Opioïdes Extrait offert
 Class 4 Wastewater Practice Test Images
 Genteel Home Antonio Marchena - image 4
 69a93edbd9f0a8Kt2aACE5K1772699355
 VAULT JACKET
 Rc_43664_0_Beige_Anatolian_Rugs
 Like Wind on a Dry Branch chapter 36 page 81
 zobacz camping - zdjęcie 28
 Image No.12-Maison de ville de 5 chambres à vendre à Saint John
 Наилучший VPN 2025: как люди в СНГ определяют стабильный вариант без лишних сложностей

● YOUR INSTRUCTIONS:
In your answer, include only the lines above starting at the line that holds "Genteel Home Antonio Marchena - image 4" and ending at the line that holds "zobacz camping - zdjęcie 28", copied exactly.

● TASK OUTPUT:
 Genteel Home Antonio Marchena - image 4
 69a93edbd9f0a8Kt2aACE5K1772699355
 VAULT JACKET
 Rc_43664_0_Beige_Anatolian_Rugs
 Like Wind on a Dry Branch chapter 36 page 81
 zobacz camping - zdjęcie 28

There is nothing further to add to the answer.